START DATASET EXCERPT

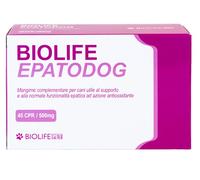 Biolife Epatodog 45 Compresse Fegato Cane | Prezzo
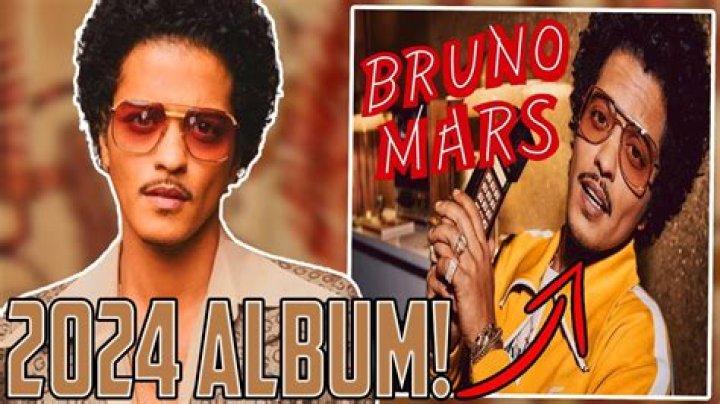 Bruno Mars release top remixes for his single 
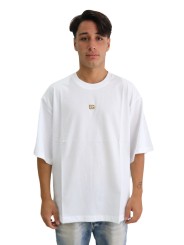 T-Shirt Dolce & Gabbana DG Logo Plaque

END DATASET EXCERPT

* **ACTIVITY**: Print out all the material word for word but exclude any images.

* **SOLUTION FOR THIS PROBLEM**:
 Biolife Epatodog 45 Compresse Fegato Cane | Prezzo
 Bruno Mars release top remixes for his single 
 T-Shirt Dolce & Gabbana DG Logo Plaque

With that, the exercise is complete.